◆ **Assignment**: Only the lines from the start of the data to the line containing "Among the genus", both included, should be output, exactly and without pictures.

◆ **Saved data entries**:
▼▼▼

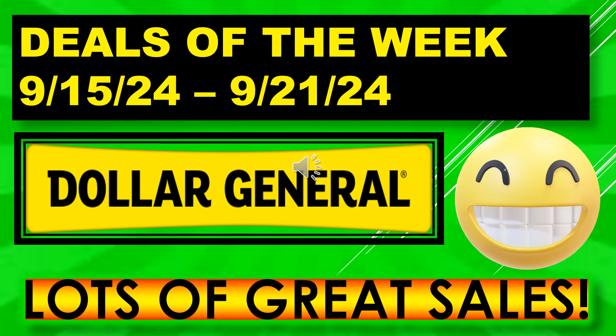Welcome back to Simple Deals, Hauls, and Coupons. Today I have the Dollar General Deals of the Week. These deals are running September 15th through September 21st. We have a lot of great sales, so let's get into it.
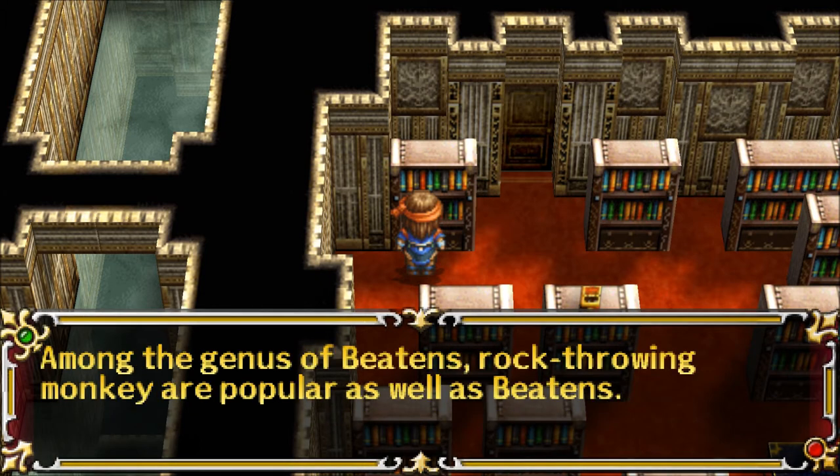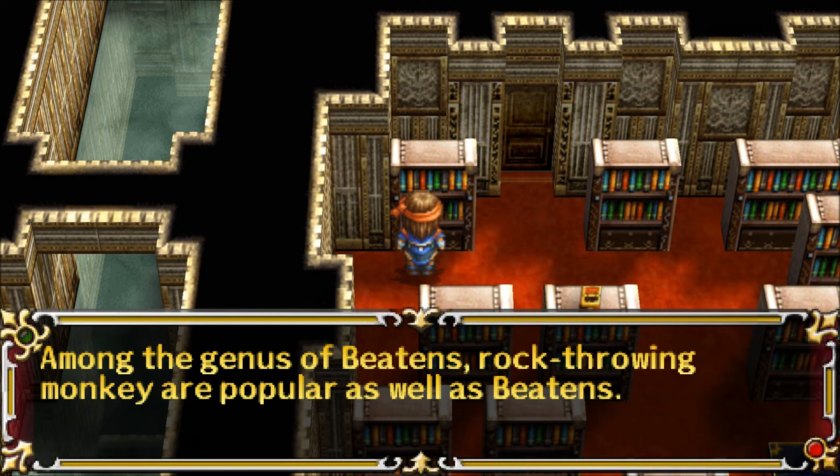Among the genus of Beatons, Rock Throwing Monkey are popular as well as Beatons. They have high offensive powers and are good at the spells, but they move slow.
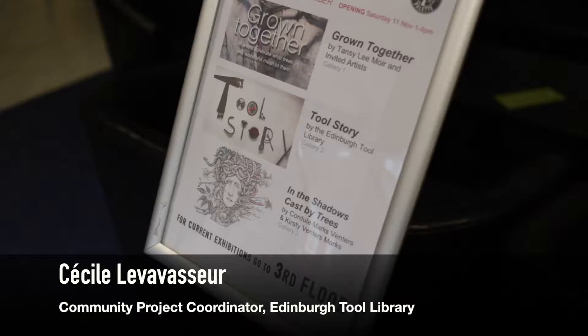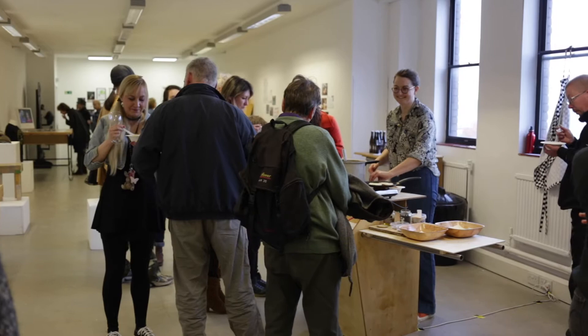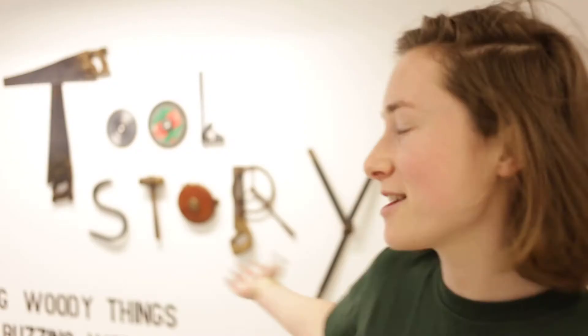Hi everyone, this is the first day for the exhibition of the Edinburgh Tool Library at St Margaret's House. And as you can see, it's all about the tools and the stories behind the tools.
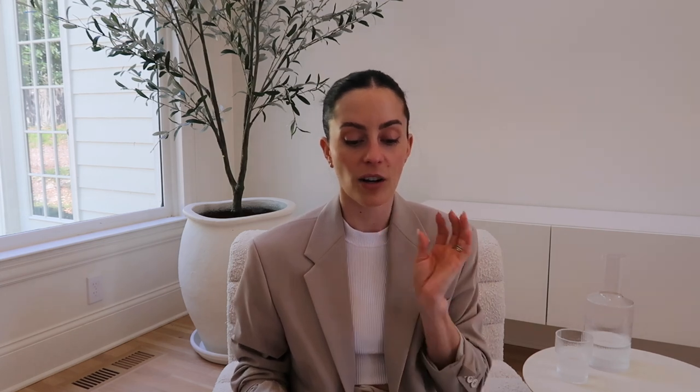Moving on, the next option I'm going to link below is also from RH. It's called the Reyes Teak lounge chair. I wanted to mention it because I see this high-end version of the lounge chair but also a lot of versions at more cost-friendly price points that I'll be sharing later. It's substantial, I love the angles, it feels like a luxury camping vacation based on the photo I'm looking at — I'm just really here for that vibe.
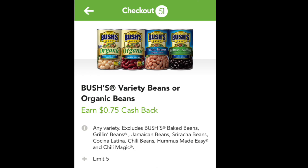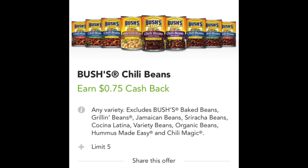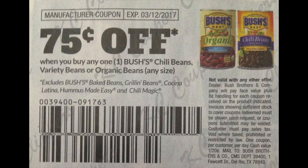Let's look at it carefully. The first offer is on Bush variety organic or organic beans — 75 cents cash back per can, limit of five. The second offer is on chili beans, also 75 cents per can with a limit of five. This amazing coupon was released in the January 29th Smart Source.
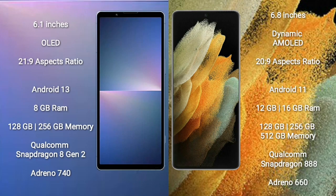Xperia 5 Mark 5 comes with a 6.1-inch OLED display and aspect ratio 21:9. Samsung Galaxy S21 Ultra comes with a 6.8-inch dynamic AMOLED display and aspect ratio 20:9.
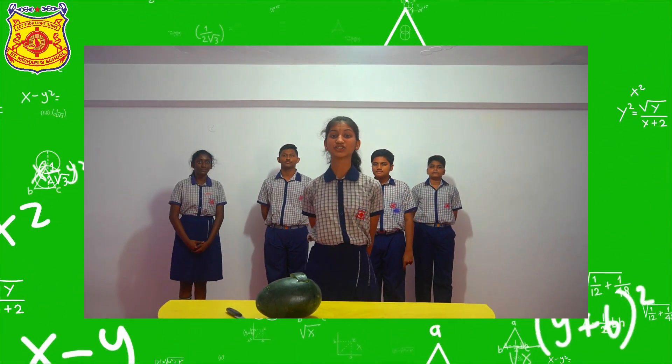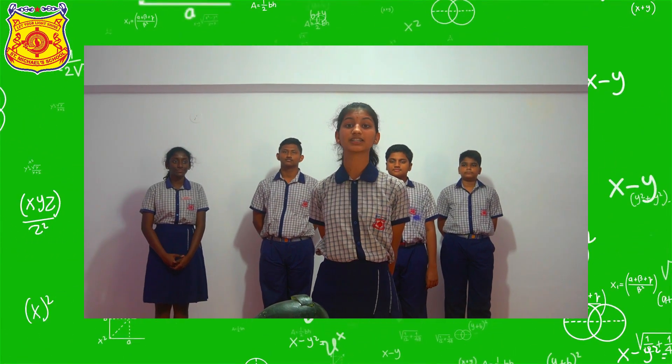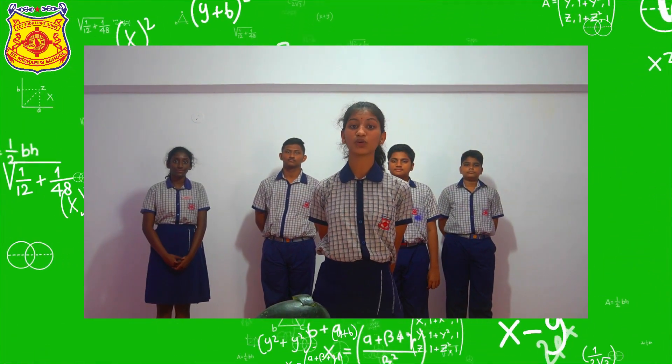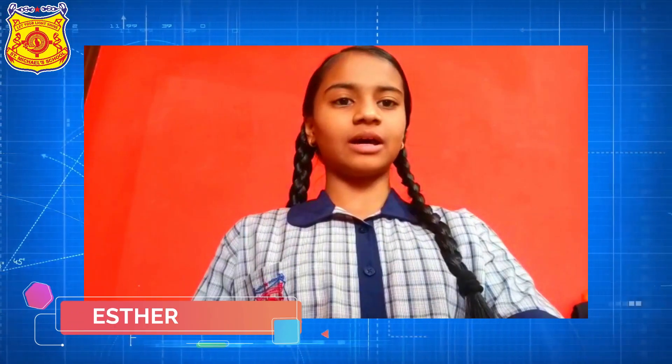And so the children enjoyed the watermelon and had a big feast. The mother was happy that she was able to learn about the volume of a sphere, which is 4 by 3 π r³.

▲▲▲

◆ **Response area**:
Welcome back to Simple Deals, Hauls, and Coupons. Today I have the Dollar General Deals of the Week. These deals are running September 15th through September 21st. We have a lot of great sales, so let's get into it.
Among the genus of Beatons, Rock Throwing Monkey are popular as well as Beatons. They have high offensive powers and are good at the spells, but they move slow.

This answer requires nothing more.